Yes on banana plants it's not just the leaf but the entire stem the leaf is on. Each stem sprout is a leaf. They look to have some good shoots on the. They should do nicely for you.


----------



## Be77aPe5cA (Jul 14, 2019)

Immnot sure if this is just for banana plants.
But how important is it to remove yellow or yellowing leaves from underwater plants?


----------



## Old Dog 59 (Nov 11, 2018)

When ever the color of the leaf turns from lush green to yellow there is always a sign of deficiency, either in water quality or plant nutrient. Remove the entire leaf (carefully) as close to the base as you can. Or to the first junction of the next leaf. Always check the water parameters and PH level to see what is changing. Yellow leaves will not revert back to green, so they are better off removed from the plant. In doing this it allows the other leaves on the plant that are not turning yellow to get needed food that is being wasted on a dyeing leaf. 

In plants such as Ferns you may see black spots on the leaves. This is normal and if you let them go you will find in a few days there are roots growing from them. This is propagation of ferns. In a few weeks you will see that the black spots have formed rhizomes and new leaves. They can be cut behind the rhizome and placed on the substrate where the roots will work their way into the soil. Do not cover the rhizome, make sure it stays uncovered and the plant will continue to grow.


----------



## Be77aPe5cA (Jul 14, 2019)

Dont want to jack thread, but maybe will help banana plant guy..
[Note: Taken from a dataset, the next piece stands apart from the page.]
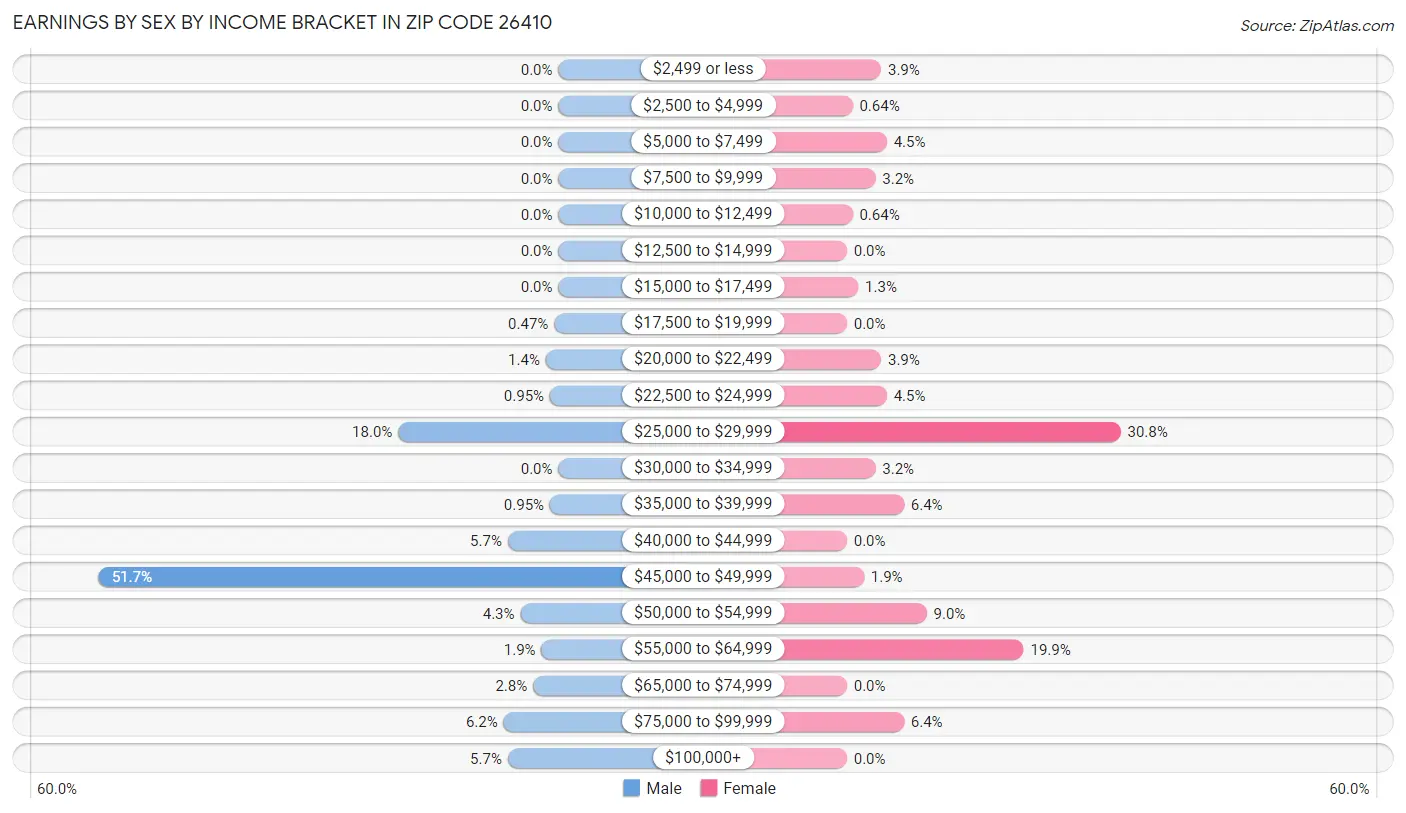 Earnings by Sex by Income Bracket in Zip Code 26410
So the leaves on my last mekong/anubias first got black algae from too much light.
I rubbed it off with fingers, but the leaves have since turned yellow, and the new leaves
are yellow, dead within days


I just brought a bunch of rocks and mekong grafted plants to replace it.

i have since dulled the lights to prevent sunburn (tank light off 12 hours)


Now i dont have soil for those lovely roots i see to go into, maybe they simply cant thrive without it,


Anyway, I was going to buy some Excel/Flourish, etcto help them out. 

The guy told me this stuff has both in it and then some



Brand is BIOTOPE., and it's called Bio-Green FE (on the left there). Any help appreiciate.


Thanks, resume your thread dude


----------



## Old Dog 59 (Nov 11, 2018)

Flourish excel is not a fertilizer it is a carbon supplement. and should not be confused as such. Flourish and flourish advanced are all around ferts. Excel should never be used in low light plants such as Anubias, ferns and swords. High medium light plants that require more minerals and carbon would be plants that would be requiring carbon and CO2 supplements. When buying plants do the resurch on the plants needs before just adding them to a tank. (needs such as light, need for CO2 and carbon, PH and water temp.) These are the things to consider before planting a tank. 

Many times here on the forum we recommend beginner plants such as Ferns, Anubis, swords, mosses and crypts) Generally these plants require very little in the way of care and grow well in almost any aquarium. As far as their needs (low light plants, No CO2 needs, and general fertilizer. such as plant tabs and flourish or flourish advanced ) Banana plants do well in low light but really need a medium light and a fertilizer supplement like flourish since they do not root and they feed through the rhizome and leaves.


----------



## DaceyJ (Apr 9, 2018)

Banana plants got the approval from my plakat. 
I figured I needed to chop the stems, it just really pained me to do so, but hopefully they'll have new shoots soon.


----------



## DaceyJ (Apr 9, 2018)

Be77aPe5cA said:


> Dont want to jack thread, but maybe will help banana plant guy..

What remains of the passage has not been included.